Eko, a Berkeley, California-based health tech company that employs artificial intelligence and machine learning to monitor and manage cardiovascular diseases, as per recent reports, has introduced an investigational Aortic Stenosis (AS) detection algorithm at the American Society of Echocardiography (ASE) 2019 Scientific Sessions. The AS detection algorithm will enable clinical providers to early detect the clinically significant AS. With this new algorithm, Eko, following its mission, has taken a major step forward in enabling healthcare providers with the necessary tools to accurately detect structural heart disease during primary care visits.
In the US alone, there are three million patients, who suffer from Aortic Stenosis – a common structural heart disease – and estimations are that the disease may likely affect more than 1 in 8 patients over the age of 75, globally. The conventional way to identify the disease is a physical exam, where a healthcare provider uses the stethoscope to hear the heart murmur.
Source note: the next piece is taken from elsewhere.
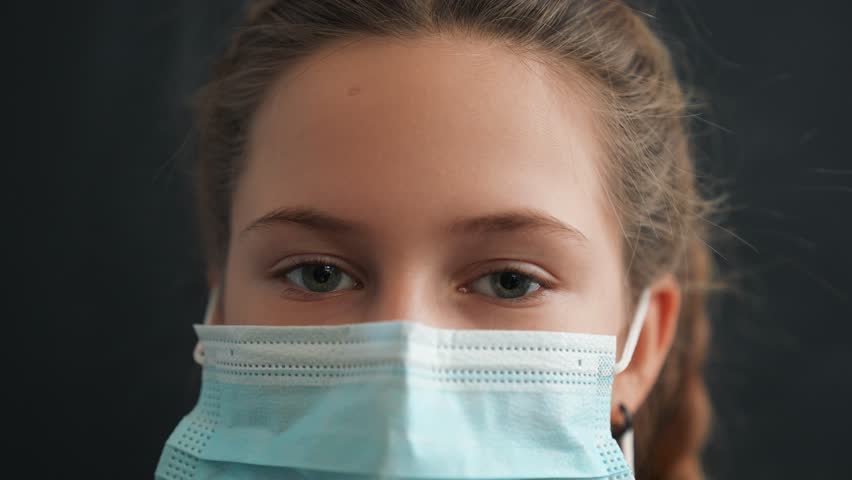 Happy family concept.close up of girls face in medical mask.woman looks at camera.face mask protects against virus.girl at home wearing medical mask.protection of respiratory tract from infection Royalty-Free Stock Footage #3423987417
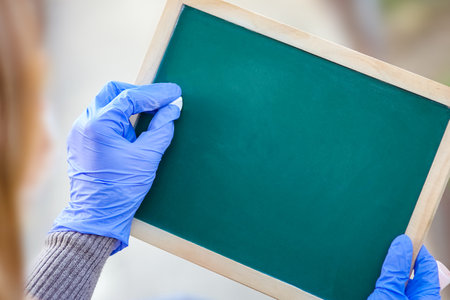 virus Outbreak of the virus. Epidemic Viral Respiratory Syndrome. Girl's Plate in Hands.の写真素材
However, following the subjectivity involved in using a stethoscope, and the difficulty to identify the subtle AS murmur, the disease often goes unnoticed in symptomatic patients.
The early results of the AS detection algorithm, developed by Eko in association with the Northwestern Medicine Bluhm Cardiovascular Institute, showed that Eko’s AI was able to accurately detect AS in a cohort of Aortic Stenosis patients with a sensitivity of 97.2% and a specificity of 86.4%. In their conclusion, the Northwestern researchers have made the assessment that Eko’s platform is a fast and effective method to screen for significant AS and should be validated in a primary care setting.
Eko, continuing its partnership with the Bluhm Cardiovascular Institute at Northwestern, will be rigorously testing the AS screening algorithm, before submitting the algorithm for regulatory clearance.